You hear it a lot. Having a budget is an important (and necessary) first step to having your finances in order. However, it doesn’t end there. Once you have your monthly budget habits running smoothly, you should take it one step further. It’s recommended that you take the time to “close out” your budget at the end of every month. Or, at the very least, once every year.
Wait, What Does It Mean to “Close Out” My Budget?
Most people understand the concept of a budget. For example, you might allocate $300 per month for groceries, $250 per month for driving expenses (gas and insurance), and $100 per month for your cell phone bill. And so on.
However, life isn’t always that perfect. When was the last time your grocery bill came to $300 on the dot? It was probably more like $293.17 or $311.78. Same with your driving expenses or phone bill — especially if you put on some extra miles last month or went over your data limit. Life happens, right? It’s not always predictable.
To close out your budget simply means to compare the amounts you expected to spend against what you actually did spend.
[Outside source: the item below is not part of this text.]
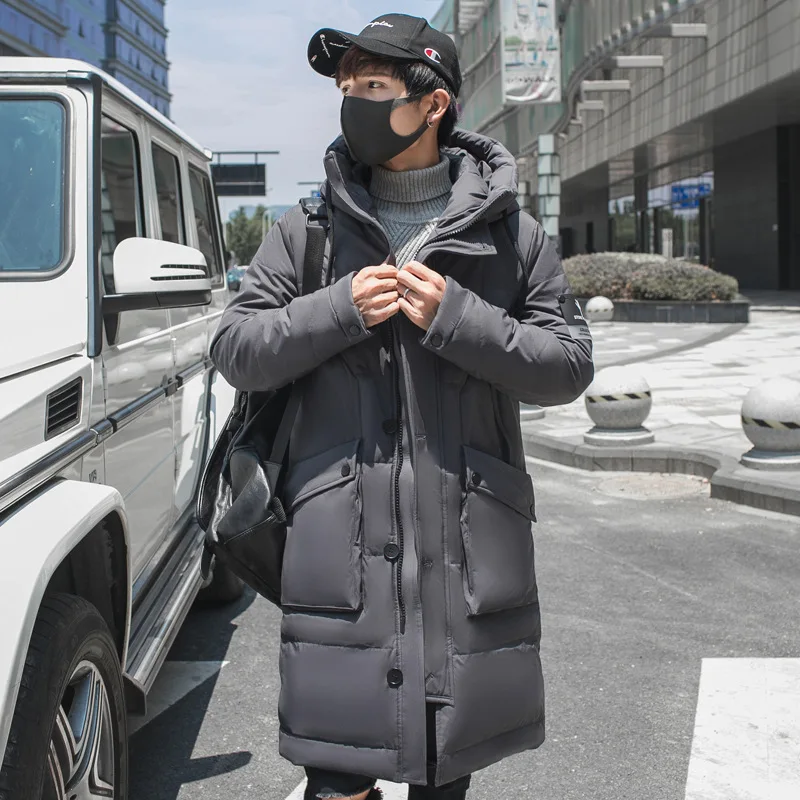 Мужская зимняя длинная уличная одежда с капюшоном мужская повседневная модная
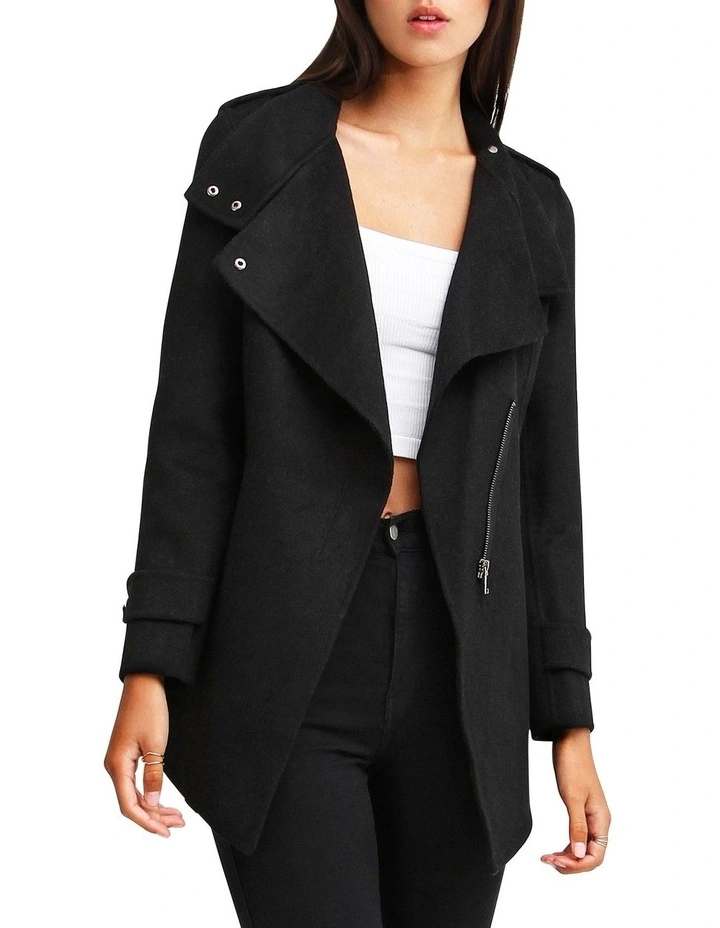 Bad Girl Black Wool Blend Moto Coat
Each line in your budget will end up having a surplus or a deficit. Maybe you’ll have a few categories with a close-out number of zero dollars, too. If so, great job with your budgeting!
Analyze Your Close Out
The ultimate goal of closing out your budget is to determine where you might be over- or under-spending. For example, you may budget $300 a month for groceries but actually spend an average of $350. Then you wonder why you’re short on money at the end of every month. If you’re running a deficit in too many areas, your budget isn’t going to be very useful at all.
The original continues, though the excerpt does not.